Although the specification is very simple, providing explicit guidance on the 
scenario offers many advantages.  
- It makes it possible to create interoperable SDKs, where frontend dev stacks 
(any JS flavor) can be mixed and matched with compliant backend stacks 
(middlewares in node, java, ASP.NET, PHP etc)
- It allows us to provide guidance on how to properly tackle the scenario and 
warn implementers against security risks (scope escalations, using IDtokens 
instead of access tokens, etc)
- It allows us to discuss (and when appropriate, promote) this pattern as part 
of the browser apps security guidance, and position the scenario where frontend 
only calls API on its own backed (hence doesn’t need access tokens) simply as a 
special case of this more general pattern
- This approach makes mocking and testing apps very easy, possibly preventing 
developers from weakening the security of their system (eg turning on ROPG 
options)  or turning to risky practices like scraping

Needless to say, this specification doesn’t entirely eliminate the risks 
inherent to direct use of access tokens from a browser.
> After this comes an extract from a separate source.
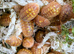 Armadillidium granulatum Granulated Isopod x10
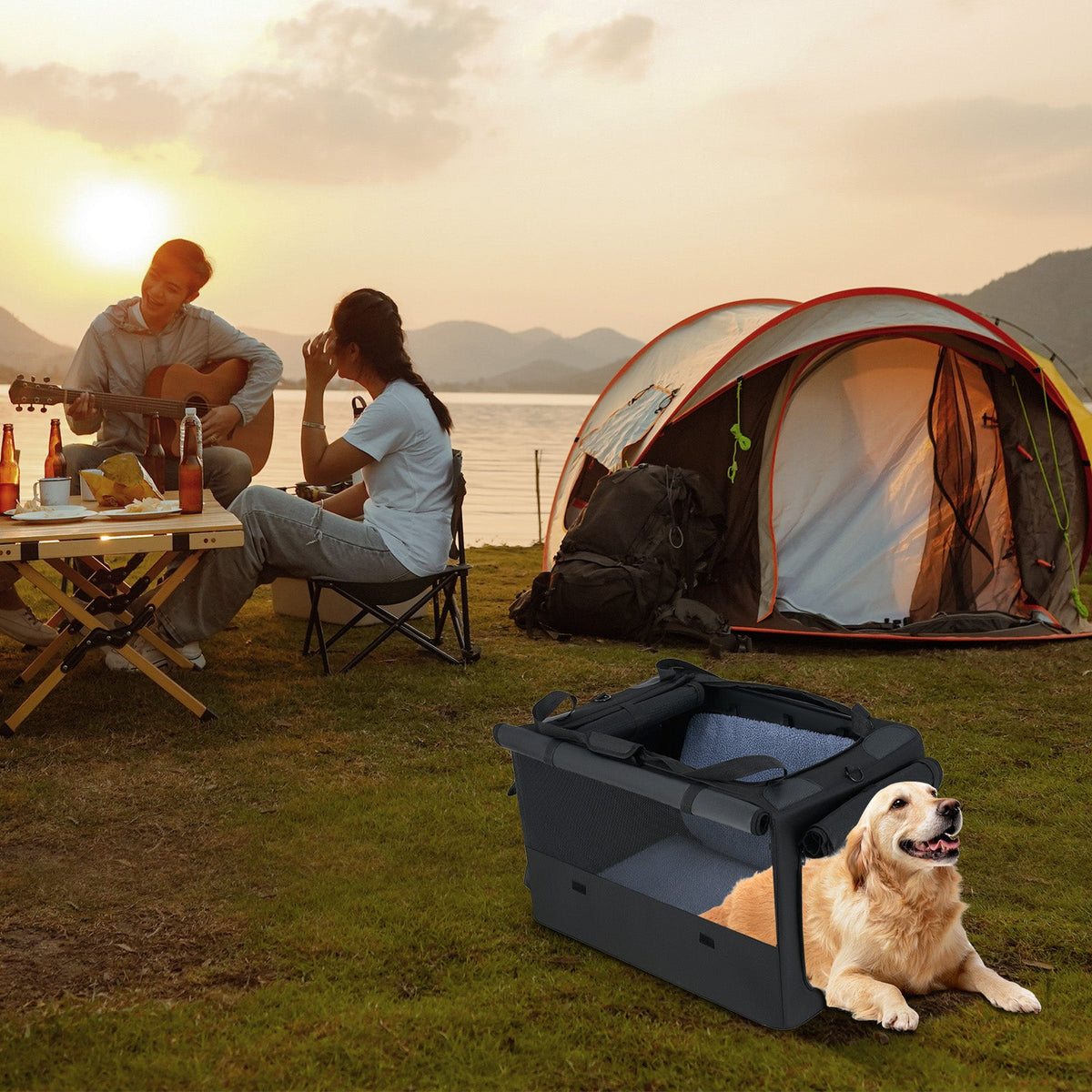 Portable Foldable Pet Carrying Bag with 2 Openings and Comfy Cushion-M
But reality is that the 
pattern is in widespread use, and the circumstances leading to that (eg 
developers on a particular project only work with frontend stacks; components 
like reverse proxies might not always be viable; etc) aren’t going away any 
time soon. By providing simple guidance on this pattern, we can simplify the 
life of many developers while enshrining basic security hygiene in scenarios 
that would have otherwise be left to their own device.
 
Looking forward for your feedback!

B&V  

On 2/12/21, 12:41, "internet-dra...@ietf.org" <internet-dra...@ietf.org> wrote:

    
    A new version of I-D, draft-bertocci-oauth2-tmi-bff-00.txt
    has been successfully submitted by Vittorio Bertocci and posted to the
    IETF repository.
    
    Name:               draft-bertocci-oauth2-tmi-bff
    Revision:   00
    Title:              Token Mediating and session Information Backend For 
Frontend
    Document date:      2021-02-12
    Group:              Individual Submission
    Pages:              16
    URL:            
https://www.ietf.org/archive/id/draft-bertocci-oauth2-tmi-bff-00.txt
    Status:         
https://datatracker.ietf.org/doc/draft-bertocci-oauth2-tmi-bff/
    Html:           
https://www.ietf.org/archive/id/draft-bertocci-oauth2-tmi-bff-00.html
    Htmlized:       https://tools.ietf.org/html/draft-bertocci-oauth2-tmi-bff-00
    
    
    Abstract:
       This document describes how a JavaScript frontend can delegate access
       token acquisition to a backend component.  In so doing, the frontend
       can access resource servers directly without taking on the burden of
       communicating with the authorization server, persisting tokens, and
       performing operations that are fraught with security challenges when
       executed in a user agent, but are safe and well proven when executed
       by a confidential client running on a backend.
    
                                                                                
      
    
    
    Please note that it may take a couple of minutes from the time of submission
    until the htmlized version and diff are available at tools.ietf.org.